S my phone camera is a piece of crap. Enough said lol

But I have a Samsung I forget wich one, I bought two years ago and I must have dropped itor something because it makes a shrieking sound when the shutter opens and it won't close when I turn it off... Time for a new camera.

I am on a bit of a budget. So I was going to buy the Samsung wb30f...

It's 16.6 megapixel but only 16.2 megapixel available for use. Has a macro mode. Would this be a good camera for a point and shoot? 

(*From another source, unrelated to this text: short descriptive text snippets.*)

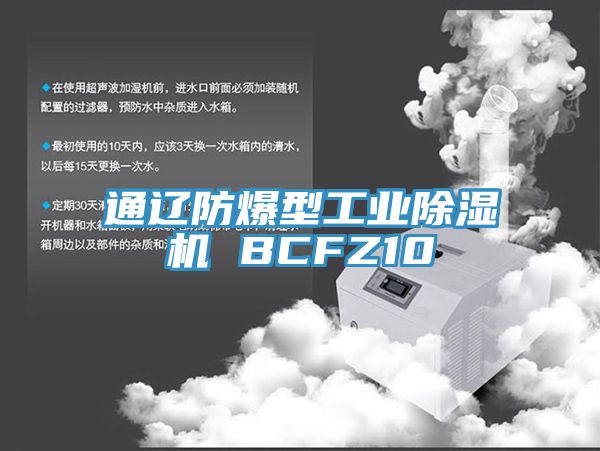 通遼防爆型工業91看片软件大全 BCFZ10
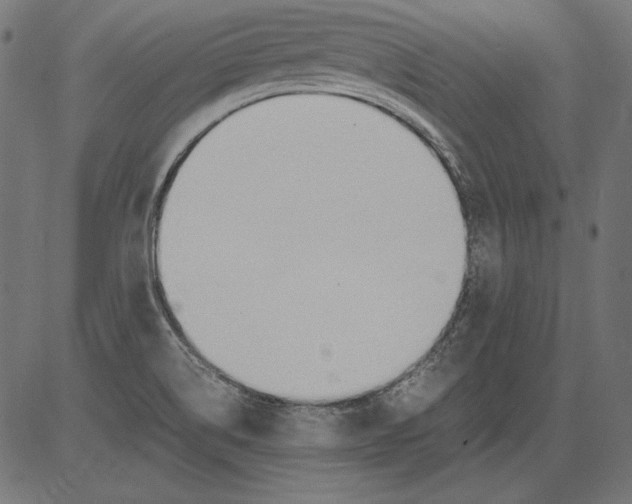 X0000081371514200702020152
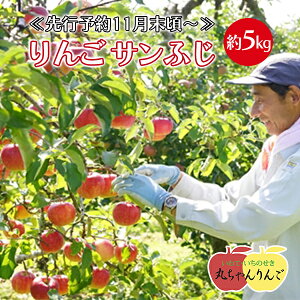 yӂ邳Ɣ[Łzƒp  Tӂ 5kg s\11{` S ь ʕ t[c Y 茧 ֎s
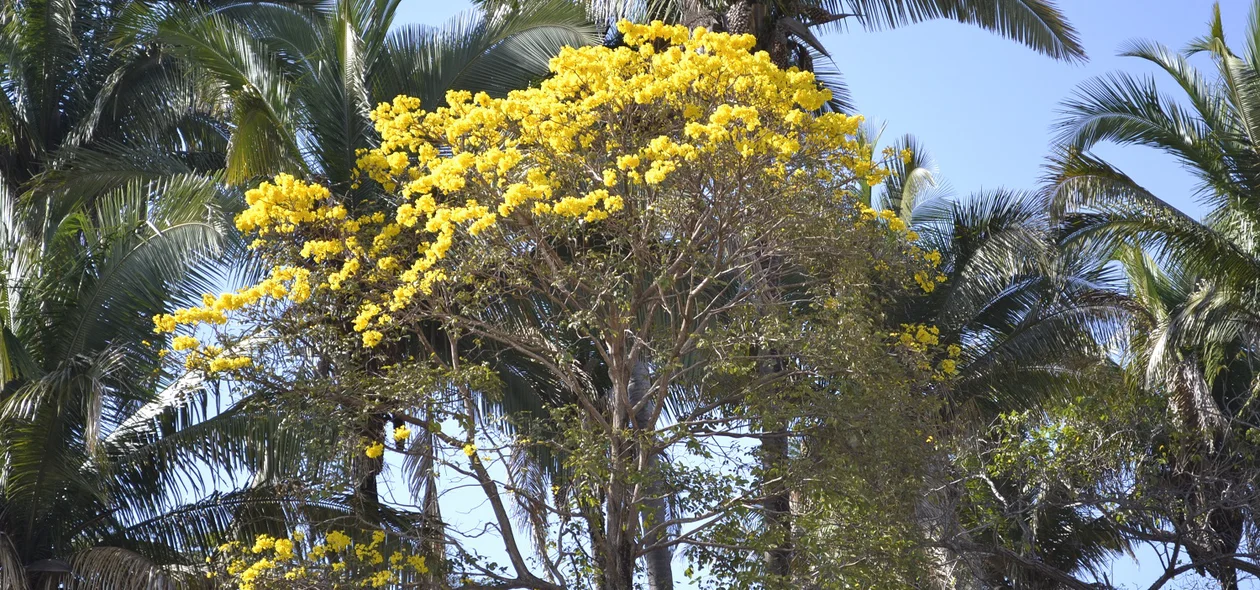 Ipê amarelo na zona rural de Teresina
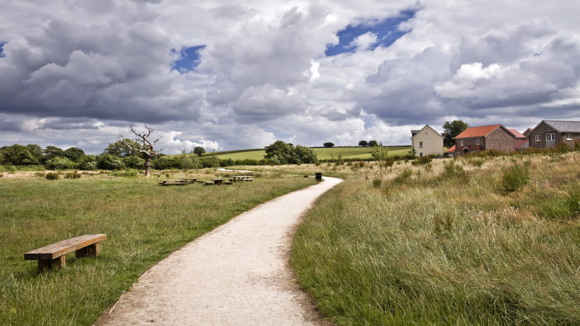 cranbrook path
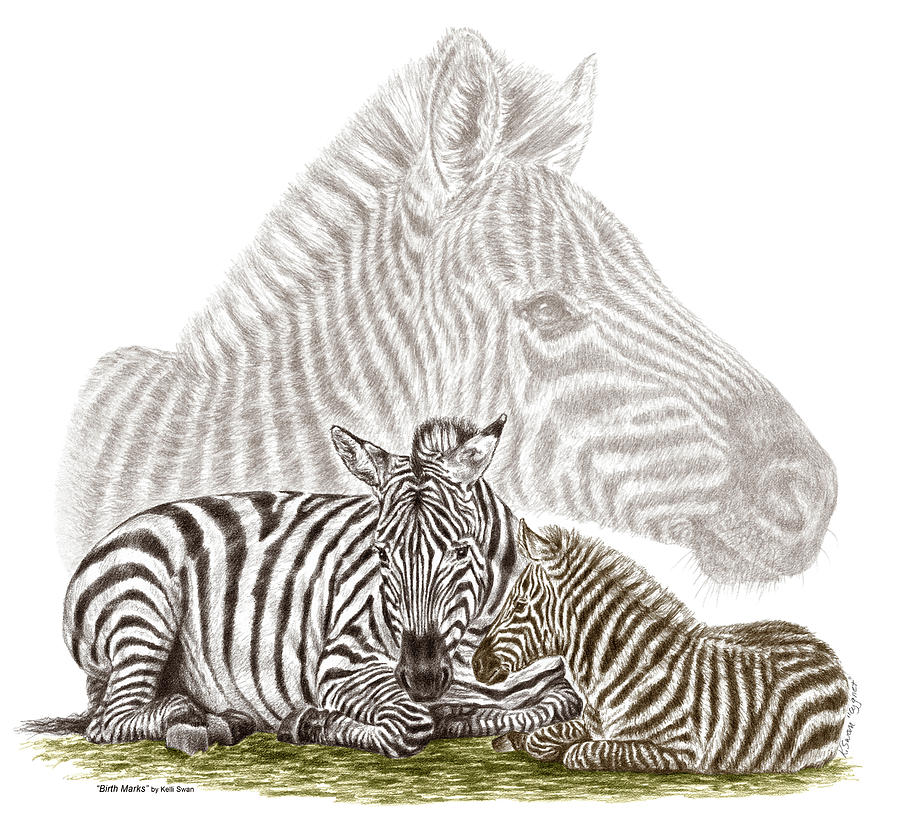 Mom and Baby Zebra Art Drawing by Kelli Swan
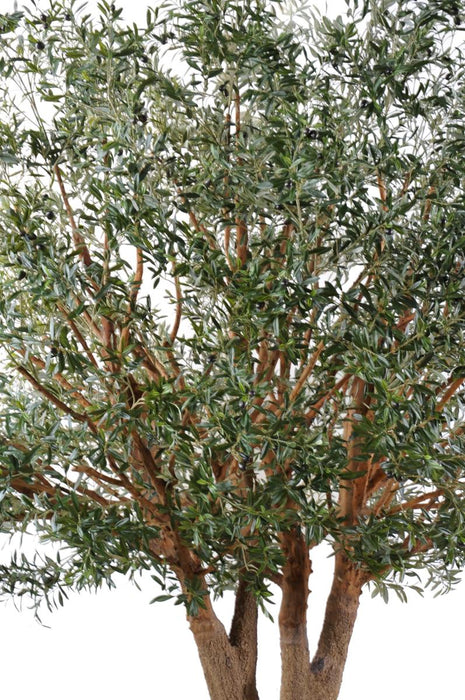 Olivo Artificiale 350Cm Per Interni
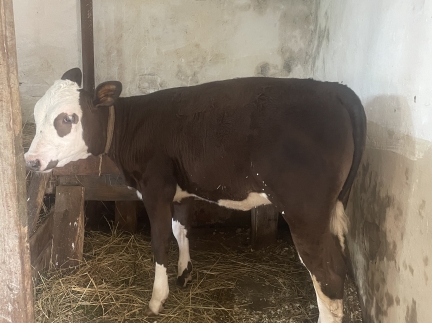 Чудова теличка 🐄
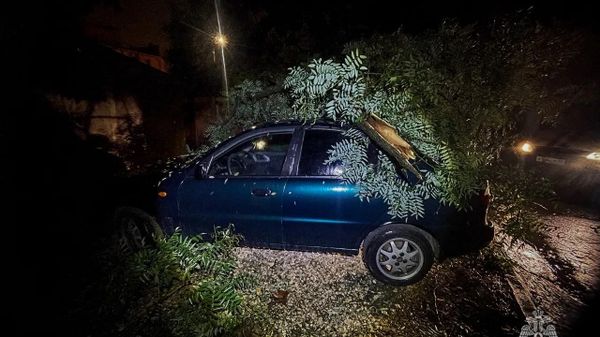 В Севастополе штормовой ветер повалил деревья на машины и дороги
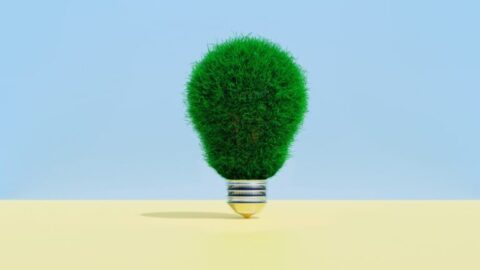ideas sostenibilidad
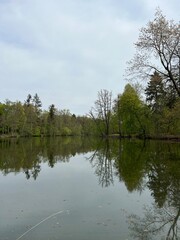 Fototapeta na wymiar forest lake against the backdrop of spring forest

I'm mainly interested in it because my daughter is getting older and I want pictures and videos for her when she gets old enough. But also as a side project to take pictures of my tanks shrimp fish and plants when I can. And want to spend my money in a god investment. Below is a picture from my cell phone. I want a point and shoot that is twice as clear and crisp as this' picture...possibly even four times as crisp and clear.


----------



## Subtletanks91 (May 29, 2013)

Bump


----------



## pantherspawn (Dec 21, 2011)

The type of camera comes down to how much you want to invest and what type of lenses. Can go anywhere from $300-3000

Sent from my SGH-T889 using Tapatalk 2


----------



## pantherspawn (Dec 21, 2011)

Personally I prefer nikon cameras. "point and shoot" is a relative term, cause even modern dslr cameras like the d90 is still technically a point and shoot. It's all about size, quality, price and intentions. And then personal preference. 

Sent from my SGH-T889 using Tapatalk 2


----------



## Quick5ilver (Jun 24, 2013)

I'd suggest, Canon EOS M


----------



## Subtletanks91 (May 29, 2013)

I love nikons and Sony, but the amount I'm looking on spending is not near the range I would like into be. Between 100-175 wich I know is not alot of money and there are cheap cameras that are crap. But there has to be something worth the money for that price range. 

-quick5ilver. I love the camera I was actually looking at it at bestbuy. But the price killed me o.0 lol 

Everyday I come n this website... Kind of an addiction now haha... And see all these beautiful tanks and pictures people take. And look at my phone and I'm like. Damn my phone sucks. 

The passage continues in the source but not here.